→ TASK PROMPT
Collect each line of the records containing the string "Mount".
════════
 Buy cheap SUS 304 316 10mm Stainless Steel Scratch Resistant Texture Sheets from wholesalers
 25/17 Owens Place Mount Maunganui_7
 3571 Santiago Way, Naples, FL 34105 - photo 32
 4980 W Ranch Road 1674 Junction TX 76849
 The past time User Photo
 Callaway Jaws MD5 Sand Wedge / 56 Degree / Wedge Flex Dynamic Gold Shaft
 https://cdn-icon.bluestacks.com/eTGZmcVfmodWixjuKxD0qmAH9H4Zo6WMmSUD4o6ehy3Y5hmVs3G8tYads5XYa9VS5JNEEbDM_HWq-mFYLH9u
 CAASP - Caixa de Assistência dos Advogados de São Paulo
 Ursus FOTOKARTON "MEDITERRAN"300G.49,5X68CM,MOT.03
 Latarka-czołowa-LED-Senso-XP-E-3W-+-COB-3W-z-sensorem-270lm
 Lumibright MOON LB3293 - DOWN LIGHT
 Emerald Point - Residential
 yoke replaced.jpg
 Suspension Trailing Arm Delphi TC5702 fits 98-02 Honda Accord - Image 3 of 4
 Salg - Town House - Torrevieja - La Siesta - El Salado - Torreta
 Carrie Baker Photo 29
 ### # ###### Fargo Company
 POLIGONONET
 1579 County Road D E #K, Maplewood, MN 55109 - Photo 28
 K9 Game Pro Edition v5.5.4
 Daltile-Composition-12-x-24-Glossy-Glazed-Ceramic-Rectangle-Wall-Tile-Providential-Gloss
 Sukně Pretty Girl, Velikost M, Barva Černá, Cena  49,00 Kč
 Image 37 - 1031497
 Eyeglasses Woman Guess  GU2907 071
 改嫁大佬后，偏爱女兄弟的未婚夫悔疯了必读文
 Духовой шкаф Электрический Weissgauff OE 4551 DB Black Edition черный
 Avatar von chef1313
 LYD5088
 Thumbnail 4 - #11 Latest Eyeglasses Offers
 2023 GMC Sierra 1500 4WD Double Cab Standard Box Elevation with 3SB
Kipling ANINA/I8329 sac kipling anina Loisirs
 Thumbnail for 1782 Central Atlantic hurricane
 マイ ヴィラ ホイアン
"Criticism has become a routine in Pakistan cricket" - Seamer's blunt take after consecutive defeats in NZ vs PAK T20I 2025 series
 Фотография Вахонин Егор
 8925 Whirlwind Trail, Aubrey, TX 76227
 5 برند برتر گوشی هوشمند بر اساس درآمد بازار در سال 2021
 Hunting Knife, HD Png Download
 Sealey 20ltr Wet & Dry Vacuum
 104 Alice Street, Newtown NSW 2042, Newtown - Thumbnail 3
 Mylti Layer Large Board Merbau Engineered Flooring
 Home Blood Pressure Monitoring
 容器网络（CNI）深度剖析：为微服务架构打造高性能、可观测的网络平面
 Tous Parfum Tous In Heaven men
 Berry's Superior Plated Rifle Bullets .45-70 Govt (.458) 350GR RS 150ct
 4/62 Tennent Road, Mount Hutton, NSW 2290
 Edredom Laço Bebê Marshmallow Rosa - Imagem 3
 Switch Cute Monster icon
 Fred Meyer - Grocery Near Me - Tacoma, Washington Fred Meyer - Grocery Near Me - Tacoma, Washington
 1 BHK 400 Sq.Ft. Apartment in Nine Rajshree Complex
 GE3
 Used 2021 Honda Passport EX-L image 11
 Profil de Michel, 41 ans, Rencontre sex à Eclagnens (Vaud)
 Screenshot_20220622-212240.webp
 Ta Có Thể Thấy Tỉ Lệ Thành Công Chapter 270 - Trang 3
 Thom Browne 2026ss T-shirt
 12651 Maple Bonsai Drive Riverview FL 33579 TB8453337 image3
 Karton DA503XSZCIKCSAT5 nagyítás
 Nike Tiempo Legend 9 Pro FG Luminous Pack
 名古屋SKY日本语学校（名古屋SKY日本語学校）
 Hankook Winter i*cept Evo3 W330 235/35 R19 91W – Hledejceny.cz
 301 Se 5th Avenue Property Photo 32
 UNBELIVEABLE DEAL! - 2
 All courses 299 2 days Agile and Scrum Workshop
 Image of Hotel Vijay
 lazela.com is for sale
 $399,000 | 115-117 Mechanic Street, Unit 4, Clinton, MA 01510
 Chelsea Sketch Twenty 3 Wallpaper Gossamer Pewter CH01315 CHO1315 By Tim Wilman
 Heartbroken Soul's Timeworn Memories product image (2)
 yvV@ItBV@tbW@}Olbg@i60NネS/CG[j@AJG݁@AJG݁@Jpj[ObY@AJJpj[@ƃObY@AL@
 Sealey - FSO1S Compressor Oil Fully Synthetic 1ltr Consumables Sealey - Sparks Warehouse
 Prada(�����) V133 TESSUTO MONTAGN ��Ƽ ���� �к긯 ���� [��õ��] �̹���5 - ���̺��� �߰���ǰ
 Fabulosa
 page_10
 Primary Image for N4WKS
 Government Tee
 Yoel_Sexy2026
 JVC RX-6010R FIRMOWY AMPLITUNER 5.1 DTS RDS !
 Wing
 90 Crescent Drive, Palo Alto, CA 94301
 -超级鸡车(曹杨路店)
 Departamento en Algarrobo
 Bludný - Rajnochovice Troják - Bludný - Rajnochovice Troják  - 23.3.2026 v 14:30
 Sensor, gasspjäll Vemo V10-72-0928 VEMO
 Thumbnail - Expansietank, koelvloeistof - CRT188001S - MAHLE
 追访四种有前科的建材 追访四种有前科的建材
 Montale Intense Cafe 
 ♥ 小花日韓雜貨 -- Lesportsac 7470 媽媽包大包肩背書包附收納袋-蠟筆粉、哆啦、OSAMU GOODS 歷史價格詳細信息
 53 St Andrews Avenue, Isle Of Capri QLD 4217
════════
→ OUTPUT FOR THIS TASK
 25/17 Owens Place Mount Maunganui_7
 4/62 Tennent Road, Mount Hutton, NSW 2290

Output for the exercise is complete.